Put simply: the EU, or the Member States, should take some purposes of processing, some contract types, and some business models outside of the realm of market choices and regulate them directly. Maybe there are some data practices that we want to forbid across the board, like using addictive design in apps used by minors, or directly promoting self-harm and eating disorders, like Instagram did. Or maybe we want to create some specific conditions for other practices, like mental-health protection measures for social media, or pointing out the kinds of products we don’t want to be advertised based on specific data, or in specific hours, or to some social groups. These are political, not technocratic, decisions to be taken.

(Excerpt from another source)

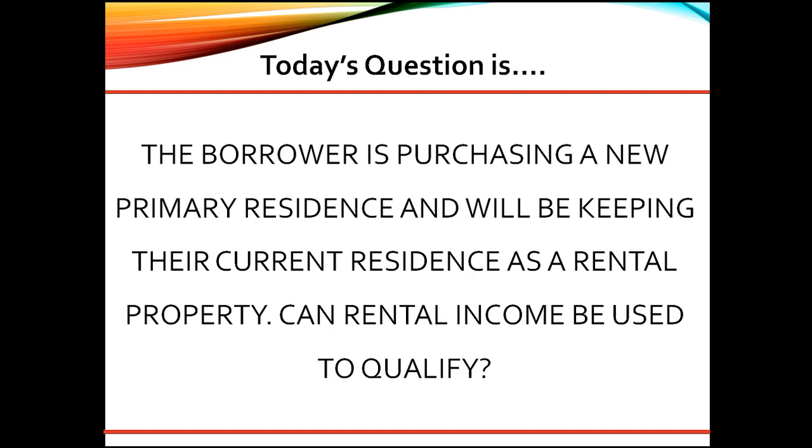Great question! As a senior underwriter, here are my thoughts. For Fannie Mae files, if the borrower does have a lease agreement and a minimum one-year history of being a landlord, then yes, they can use the rental income without restriction.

Regulation of purposes of processing needs to be done case-by-case and sector-by-sector, something the Europeans don’t like. And yet, as problems are very specific (different normative considerations, and different solutions, come into play when speaking about data leading to discrimination in hiring, and contributing to depression in teens) responses need to be tailor-made as well.
In a world in which almost everything is data-driven, the activities of the Big Tech are no longer a personal data protection problem (only). They are consumer law problems, employment law problems, discrimination law problems, mental health law problems, etc. And they need to be addressed as such, by these laws, with a deep understanding of the technology and business models beneath them.
So, is the GDPR a bad law, as I provocatively wrote a couple of paragraphs earlier? Today, in action, it is. It does not have to be, if it is accompanied by substantive regulation of specfic purposes of processing, business models, and types of contracts. If one looks at the history of the idea that ultimately became the GDPR, this was the plan back in the 1970s. But then, you know, Ronald Regan and Margaret Thatcher happened, followed by Bill Clinton, Gerhard Schroeder, and Tony Blair, and we all kind of fell in love with neoliberalism, and delegated these choices entirely to the market. It’s time to wake up.
Concluding: the reformists’ call for the centralization of GDPR’s enforcement in cross-border cases – against companies like Meta or Google – is a step in the right direction but will solve much less than participants in the EDPS Conference have been assuming. It is a necessary move but, by far, insufficient. Or, put differently: it is a second-order problem, discussed widely, while the first-order problem remains unaddressed. The good thing is that regulation of purposes of processing might actually be easier than re-opening the GDPR. The bad thing is that no one thinks about doing it.
Shall we try to plant this idea now?